Shark tagging technique criticized as being cruel

SAN FRANCISCO

Scientist Michael Domeier and his film crew quietly produced the show off the coast of Mexico. But two weeks ago, he came for the sharks at the gulf of the Farallones off San Francisco and that has set off a firestorm of debate among shark researchers.

Domeier gave ABC7 a tour of his research ship in San Diego on Friday. He showed ABC7 the massive hook he has engineered to catch great white sharks and the platform that lifts them out of the water.

Dan Noyes: "That's huge."

Domeier: "Well, you think it's huge, but it doesn't look huge on a 4,000 pound shark, believe me."

But, there's nothing like seeing the system in action. Monday night's National Geographic program explains that Domeier and his crew have been doing this off the coast of Mexico for the past two years.

They bait the hook and after the shark strikes, it struggles against several buoys attached to the hook.

"They're going to go fight the shark, tire it out, and bring it back to us," Domeier said.

The fight can drag on for an hour or more, at which point the crew guides the shark onto the platform and raises it out of the water. They spend up to 20 minutes attaching a satellite tag and taking blood and tissue samples, before releasing the shark.

Dan Noyes: "What sort of stress is that on the animal?"

Domeier: "Well, certainly, we have to stress the animal, I mean, we have to tire the animal out, otherwise it's going to hurt itself when we pull it out of the water, or perhaps hurt us."

Domeier has caught and tagged 15 great whites off Mexico's Guadalupe Island, but now he is coming under fire after tagging two sharks in the Farallones Marine Sanctuary off San Francisco's coast two weeks ago. He had to leave half of the hook in one of the sharks after it became lodged deep in its throat.

"I mean, it's like a double punch, it's like one, a right, and then a left," University of California, Davis researcher Peter Klimley said.

Klimley is one of the world's foremost white shark experts. He says the long struggle after the shark gets hooked and the time out of the water amount to animal cruelty.

"I'm a behaviorist and I don't torture animals and I think this would be something I wouldn't, I wouldn't do this to such a big animal," Klimley said.

Domeier: "People go out and catch and release fish all the time."

Dan Noyes: "Right, but not the great white."

Domeier: "No, but this is the same thing though, it's the same exact stress that you put on a striped bass when you bring it to the boat and you let it go. It is the same."

Klimley actually uses the same process on small hammerhead sharks, which weigh about 200 pounds, but he says he would never try the procedure on a 4,000-5,000 pound great white.

"You take them out of the water and now they're not supported by the water and they flatten out, and that can squeeze their internal organs, if it's a female and she has young, young can be forced out," Klimley said.

At the Farallones, federal law prohibits anyone from getting within 50 meters of a great white or from attracting sharks with food, bait, chum, dyes or decoys, but the sanctuary superintendant Maria Brown gave Domeier a permit.

Dan Noyes: "These great whites are protected from harassment, protected from even approaching them.

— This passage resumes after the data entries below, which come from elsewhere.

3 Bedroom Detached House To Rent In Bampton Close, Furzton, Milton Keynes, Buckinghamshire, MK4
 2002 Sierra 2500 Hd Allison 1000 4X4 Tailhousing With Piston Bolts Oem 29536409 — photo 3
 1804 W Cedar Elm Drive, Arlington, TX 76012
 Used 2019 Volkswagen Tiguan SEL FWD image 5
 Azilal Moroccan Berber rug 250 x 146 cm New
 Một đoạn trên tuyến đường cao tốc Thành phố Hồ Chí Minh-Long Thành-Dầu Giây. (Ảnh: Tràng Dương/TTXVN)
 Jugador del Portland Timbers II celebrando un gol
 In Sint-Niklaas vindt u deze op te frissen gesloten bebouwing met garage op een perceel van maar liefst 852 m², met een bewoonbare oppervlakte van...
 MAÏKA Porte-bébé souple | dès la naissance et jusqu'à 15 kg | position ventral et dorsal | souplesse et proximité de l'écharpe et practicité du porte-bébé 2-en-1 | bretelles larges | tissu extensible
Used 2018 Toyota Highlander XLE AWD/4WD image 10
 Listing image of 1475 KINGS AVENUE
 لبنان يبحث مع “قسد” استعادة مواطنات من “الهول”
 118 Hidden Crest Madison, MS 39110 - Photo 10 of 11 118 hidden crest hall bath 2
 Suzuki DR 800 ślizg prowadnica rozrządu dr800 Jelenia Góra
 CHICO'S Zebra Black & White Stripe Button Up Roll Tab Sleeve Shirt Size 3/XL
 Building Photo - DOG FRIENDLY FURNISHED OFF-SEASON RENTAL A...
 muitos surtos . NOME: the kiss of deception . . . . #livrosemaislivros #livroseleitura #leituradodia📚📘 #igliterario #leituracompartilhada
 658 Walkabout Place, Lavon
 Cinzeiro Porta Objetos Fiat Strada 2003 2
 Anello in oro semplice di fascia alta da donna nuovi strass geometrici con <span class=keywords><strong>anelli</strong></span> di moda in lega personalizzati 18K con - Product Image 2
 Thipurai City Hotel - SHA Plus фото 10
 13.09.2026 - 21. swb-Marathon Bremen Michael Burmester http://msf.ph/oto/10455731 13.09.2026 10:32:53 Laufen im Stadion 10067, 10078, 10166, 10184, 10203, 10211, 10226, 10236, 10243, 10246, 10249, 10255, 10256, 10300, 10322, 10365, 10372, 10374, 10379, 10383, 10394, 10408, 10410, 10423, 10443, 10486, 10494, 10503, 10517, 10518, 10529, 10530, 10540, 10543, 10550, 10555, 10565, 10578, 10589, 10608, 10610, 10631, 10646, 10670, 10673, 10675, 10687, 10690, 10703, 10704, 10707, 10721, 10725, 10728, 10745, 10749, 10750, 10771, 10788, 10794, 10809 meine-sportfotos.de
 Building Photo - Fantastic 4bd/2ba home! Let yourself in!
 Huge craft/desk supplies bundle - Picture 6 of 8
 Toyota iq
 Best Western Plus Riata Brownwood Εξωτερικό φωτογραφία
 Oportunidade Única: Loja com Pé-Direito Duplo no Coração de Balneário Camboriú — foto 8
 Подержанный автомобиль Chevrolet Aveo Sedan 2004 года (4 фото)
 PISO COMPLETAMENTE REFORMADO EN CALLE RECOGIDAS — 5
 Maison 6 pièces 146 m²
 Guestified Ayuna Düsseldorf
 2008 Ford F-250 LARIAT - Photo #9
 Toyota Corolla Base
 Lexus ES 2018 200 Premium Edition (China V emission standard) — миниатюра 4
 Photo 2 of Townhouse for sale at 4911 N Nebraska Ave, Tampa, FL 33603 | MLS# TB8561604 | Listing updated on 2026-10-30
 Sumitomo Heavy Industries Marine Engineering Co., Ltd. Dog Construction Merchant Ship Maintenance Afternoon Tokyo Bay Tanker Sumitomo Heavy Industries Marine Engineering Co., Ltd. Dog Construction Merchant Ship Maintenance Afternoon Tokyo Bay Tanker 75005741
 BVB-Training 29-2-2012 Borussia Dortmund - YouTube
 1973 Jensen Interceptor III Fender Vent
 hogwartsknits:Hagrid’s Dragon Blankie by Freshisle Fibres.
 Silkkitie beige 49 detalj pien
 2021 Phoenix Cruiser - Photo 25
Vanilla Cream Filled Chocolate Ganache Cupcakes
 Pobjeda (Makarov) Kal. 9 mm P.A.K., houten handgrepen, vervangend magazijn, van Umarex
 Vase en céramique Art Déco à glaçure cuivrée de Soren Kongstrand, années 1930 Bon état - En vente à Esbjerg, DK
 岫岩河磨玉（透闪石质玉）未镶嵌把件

How is this OK under those rules?"

Brown: "This research helps us protect white sharks."

Brown downplays the stress to the shark. She was on Domeier's ship, as the crew hooked the second shark.

"I equated it to, it felt like what it's like when I go to the dentist; when you go in, you get a cavity filled, it's something that maybe you don't want to go do, but you do it, it's quick, it's over, it's done," she said.

Researchers such as Sean Van Sommeran have had success tagging great whites quickly, with a pole.

"Are we actually protecting them by doing this, and you know, we're not breaking eggs and making omelets, we're working with wildlife you know, protected, potentially endangered wildlife," he said.

Domeier says he has to catch the sharks to install longer-lasting tags, but does Domeier's technique actually change the behavior he wants to study?

Tracking data on the two sharks tagged at the Farallones shows they traveled quickly out of the area; the second swam away in a straight line for 500 miles over the past two weeks.

Dan Noyes: "You're confident that the tagging of those two sharks didn't alter their behavior?"

Domeier: "No, I well for a for a few hours they might be tired, might be sore the next day, like if you went out and ran 10 miles and you don't run every day, you're going to be a little stiff the next day."

"There are benefits and costs to doing this sort of thing, and here, I think, maybe the costs outweigh the benefits, that's my opinion," Klimley said.

Right now, Domeier and his crew are heading back out to Guadalupe Island for more tagging and more filming. Expedition Great White airs Monday at 9 p.m. as part of Expedition Week on the National Geographic Channel. The Farallones sharks will be featured in the 2011 season.